Pero explicar o intentar justificar su existencia en la lucha contra  un enemigo exterior, es algo tan simple como falaz. En la serie “El Padre de Caín”, un personaje como Rafael Vera, alguien tan polémico e implicado durante años en la lucha del Estado contra ETA, se acerca a esa parte de la historia, a ese sentir cotidiano de los que aislados de la sociedad, luchaban día a día contra algo que les era ajeno y muchas veces no podían comprender,  dejando en el camino un rastro de dolor y sangre que les arrebataba a menudo sus propias vidas.

Fernando Aramburu nos acerca a un mundo más cotidiano, el que se fue creando a medida que los años pasaban y el conflicto no encontraba una salida. El que en las ciudades hacía que los silencios cómplices aparecieran en las familias y en las cuadrillas y en los pueblos  abría brechas profundas e iba señalando a las víctimas y a los culpables, a la vez que sembraba a través del odio la semilla que germinaba en jóvenes capaces de llegar a matar, incluso a sus propios vecinos.

No es un relato singular el que nos acerca Aramburu en su libro porque esa ruptura social fue común en muchos pueblos de Euskadi,  pero plasmar el proceso como él lo hace agranda el sentido la obra. Personalmente no he podido evitar un escalofrío cuando a medida que me sumergía en la lectura e iba conociendo a los protagonistas de esta  tragedia, reconocía en ellos a personas reales a las que un día me acerqué a través de un encuentro un tanto peculiar.

En mi caso, tuve la oportunidad de conocer a un hombre especial, una persona que cada quince días llegaba con su camión a mis instalaciones y, subido en su imponente grúa, cargaba  las toneladas de hierro que generábamos para transportarlas al corazón de la industria vasca para que allí, aquella chatarra informe volviera a tener una segunda vida. El destino concreto de aquel material era Beasain, en el corazón del Goierri Guipuzcoano.

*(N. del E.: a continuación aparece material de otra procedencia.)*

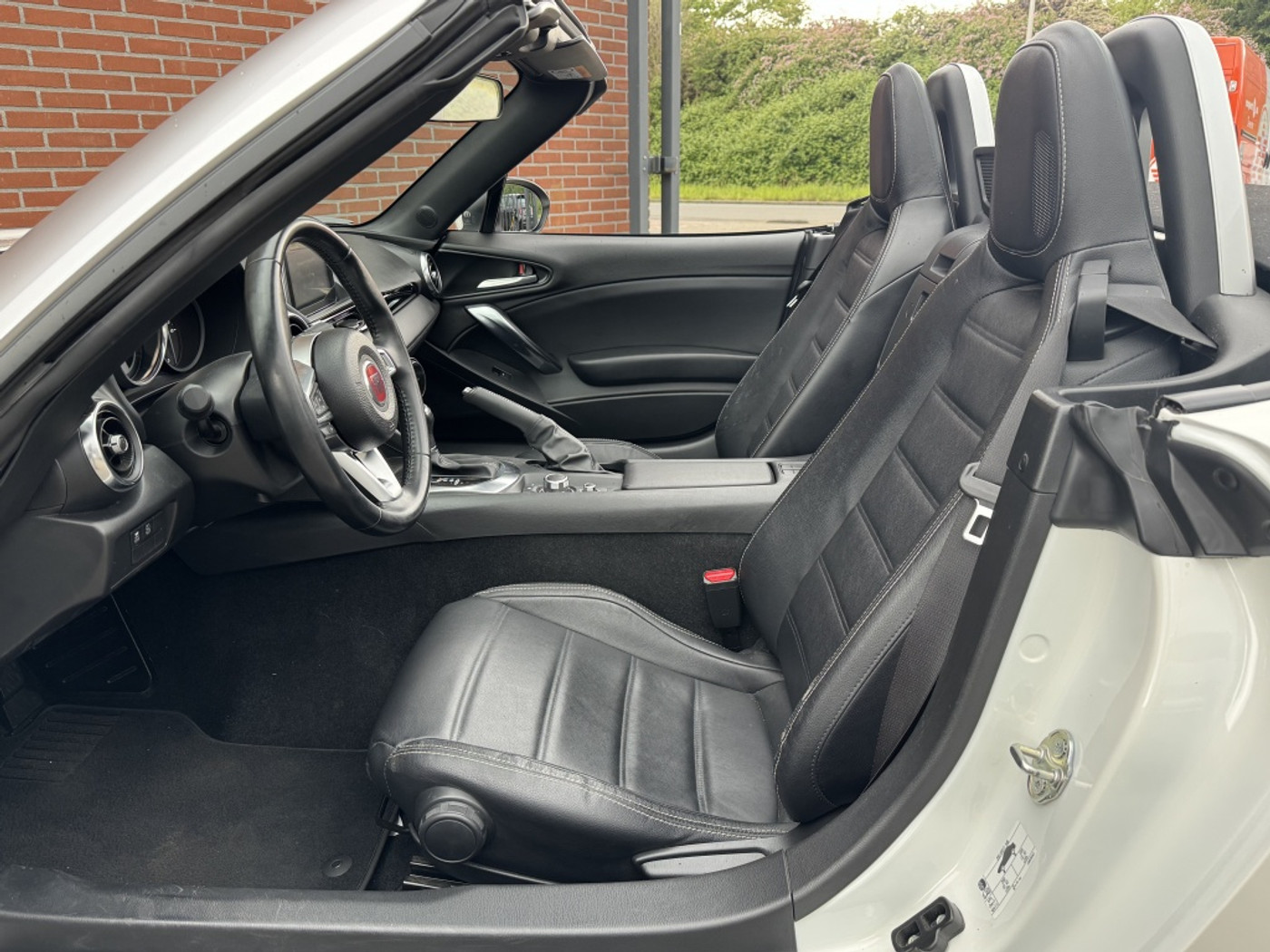 Foto van Fiat 124 Spider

Un  hombre grande y fuerte, que  podía ser un camionero más de los muchos que todos los días atravesaban las puertas de mi empresa conduciendo sus enormes bestias de carga, pero que por sus maneras, su exquisito trato, su educación, siempre me pareció alguien diferente. No fue hasta  un día en el que el trabajo se complicó y dado el retraso nos fuimos a comer juntos, cuando pude conocerle un poco más. Mientras compartíamos mesa, tuve la oportunidad de ver a una persona distinta, a un vasco amante de su tierra, alguien que antes de subirse al  camión con el que hacía muchos años que se ganaba la vida, me confesó que había sido profesor.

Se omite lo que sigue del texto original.